Quaresma, doué d'un sens aigu de l'observation, est celui à qui fait appel son
ami policier Manuel Guedes quand il cale sur une affaire insoluble - un
parchemin disparu, une mort suspecte, le vol d'une caisse d'or...
Mon avis
Fernando Pessoa est né en 1888 à Lisbonne. Jeune homme
introverti, idéaliste et anxieux, il a écrit sous de nombreux pseudonymes. À sa
mort, on a découvert des manuscrits dont ces enquêtes sous forme de nouvelles.
Comme elles ont été retrouvées alors que l’auteur était décédé,
elles sont plus ou moins abouties et d’inégale longueur. Ce qui est le plus
intéressant, c’est de découvrir Quaresma, un personnage totalement atypique. C’est
un vieil homme qui vit seul, médecin qui ne soigne personne, qui boit et fume
trop. Il a un copain policier. Ce dernier doit, régulièrement, mener des enquêtes,
observer sur les lieux des méfaits (assassinat, suicide, vol etc) et résoudre,
au mieux, chaque affaire à laquelle il est confronté.
Lorsque ça coince, qu’il n’entrevoit pas de réponse, il fait
appel à Quaresma. Celui-ci rentre alors en scène (et j’emploie ces mots à
dessein), comme s’il jouait un rôle. Il parle à haute voix, fait des déductions,
il se pose « en déchiffreur », il « appréhende » les choses
à sa manière, avec une argumentation bien personnelle. Ses raisonnements sont
longs, il part dans une direction, revient, repart et livre une finalité le
plus souvent étonnante mais cohérente. Il a l’art de cerner ce que personne n’a
imaginé. Il a une logique qui défrise, qui bouscule, qui régale car on ne voit rien
venir. Le fonctionnement de son cerveau est unique, il développe sa pensée avec
de nombreux détails, parfois il est obligé de se répéter, sans doute pour s’imprégner
de ses idées, les « consolider ». Peut-être que certains lecteurs pourront
être énervés par cette façon de faire. Personnellement, ça n’a pas été le cas,
parce qu’au -delà du texte, des monologues ou des dialogues, j’ai été fascinée
par la logique de cet homme.
Il se penche sur le comportement des hommes, en fait une
analyse détaillée, explorant caractère, actions, motivations, folie cachée … Il
part des faits incontestables et essaie de les relier par des hypothèses, et pour
chacune, il évoque immédiatement son opposée pour avoir deux approches.

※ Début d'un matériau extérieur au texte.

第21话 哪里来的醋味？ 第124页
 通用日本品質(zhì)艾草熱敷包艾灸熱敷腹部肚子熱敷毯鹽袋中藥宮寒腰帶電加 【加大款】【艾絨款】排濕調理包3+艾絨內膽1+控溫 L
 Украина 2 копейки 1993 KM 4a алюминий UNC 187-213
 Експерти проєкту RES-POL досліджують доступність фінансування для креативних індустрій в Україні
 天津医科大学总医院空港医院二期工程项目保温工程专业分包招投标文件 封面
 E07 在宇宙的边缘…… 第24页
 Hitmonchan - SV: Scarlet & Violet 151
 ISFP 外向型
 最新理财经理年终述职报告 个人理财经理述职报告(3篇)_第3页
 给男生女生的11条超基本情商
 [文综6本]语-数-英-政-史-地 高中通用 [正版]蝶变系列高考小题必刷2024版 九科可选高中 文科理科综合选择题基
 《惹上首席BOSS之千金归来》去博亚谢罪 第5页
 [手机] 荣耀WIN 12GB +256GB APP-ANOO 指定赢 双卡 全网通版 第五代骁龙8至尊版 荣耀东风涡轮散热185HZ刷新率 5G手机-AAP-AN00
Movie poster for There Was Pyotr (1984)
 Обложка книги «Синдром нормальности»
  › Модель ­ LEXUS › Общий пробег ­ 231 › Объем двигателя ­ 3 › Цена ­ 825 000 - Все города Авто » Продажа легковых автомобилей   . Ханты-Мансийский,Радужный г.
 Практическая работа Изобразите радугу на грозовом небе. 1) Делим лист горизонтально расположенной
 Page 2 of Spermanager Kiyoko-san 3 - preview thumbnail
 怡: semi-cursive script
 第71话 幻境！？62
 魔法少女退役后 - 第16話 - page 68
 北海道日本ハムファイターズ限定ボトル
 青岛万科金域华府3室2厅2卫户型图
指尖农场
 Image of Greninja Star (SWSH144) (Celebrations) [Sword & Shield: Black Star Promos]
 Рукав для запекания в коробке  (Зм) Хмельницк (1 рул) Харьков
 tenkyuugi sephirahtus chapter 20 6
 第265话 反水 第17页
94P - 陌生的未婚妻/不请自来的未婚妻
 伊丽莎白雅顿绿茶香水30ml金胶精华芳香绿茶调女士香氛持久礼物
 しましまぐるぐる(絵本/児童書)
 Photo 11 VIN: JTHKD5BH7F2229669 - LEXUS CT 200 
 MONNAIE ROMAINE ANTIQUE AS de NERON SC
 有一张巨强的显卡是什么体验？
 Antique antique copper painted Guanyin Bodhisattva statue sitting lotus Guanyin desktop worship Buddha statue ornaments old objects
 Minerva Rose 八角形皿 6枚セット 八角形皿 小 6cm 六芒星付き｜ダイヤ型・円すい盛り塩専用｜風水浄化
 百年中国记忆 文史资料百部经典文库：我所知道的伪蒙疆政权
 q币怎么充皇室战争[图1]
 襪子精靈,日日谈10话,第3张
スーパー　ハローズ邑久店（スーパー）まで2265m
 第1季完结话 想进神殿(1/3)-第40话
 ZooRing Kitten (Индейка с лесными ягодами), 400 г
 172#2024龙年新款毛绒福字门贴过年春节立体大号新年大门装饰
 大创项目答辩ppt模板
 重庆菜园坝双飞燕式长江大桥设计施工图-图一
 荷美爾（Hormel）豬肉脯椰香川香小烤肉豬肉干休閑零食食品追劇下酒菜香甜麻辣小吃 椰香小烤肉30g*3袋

Ensuite,
il prend le temps d’aller encore plus loin : qu’est-ce qui est le plus
crédible et pourquoi. Quand Quaresma s’exprime, il tricote et détricote au rythme
de ses pensées. Si on adhère à cette forme de « parole », c’est
purement jubilatoire car on a vraiment le sentiment d’être au cœur de son
esprit. D’ailleurs, il doit avoir plus de plaisir à parler seul qu’à discuter
et échanger avec les autres.
Les cheminements qu’ils empruntent pour arriver à la
solution sont passionnants, tortueux, fins, bien amenés et très plaisants à
lire. Sauter une page, ou plusieurs, parce qu’on sent des longueurs ou des répétitions,
c’est perdre « l’essence » même de l’écriture que Fernando Pessoa a
choisi pour ces histoires.
Dans sa préface, il présente Quaresma comme un vieil ami,
lui donnant une place dans sa vie. C’est sans doute un moyen pour lui de se l’approprier
et de le rendre vivant à nos yeux, ce qu’il réussit parfaitement. La postface
de la traductrice complète bien ce qu'on a lu.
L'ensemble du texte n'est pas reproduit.